▶

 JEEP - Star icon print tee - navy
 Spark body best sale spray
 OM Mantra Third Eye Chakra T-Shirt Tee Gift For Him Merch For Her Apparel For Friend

◀

Requirement
Transcribe the data in full, keeping every character.

Expected answer
 JEEP - Star icon print tee - navy
 Spark body best sale spray
 OM Mantra Third Eye Chakra T-Shirt Tee Gift For Him Merch For Her Apparel For Friend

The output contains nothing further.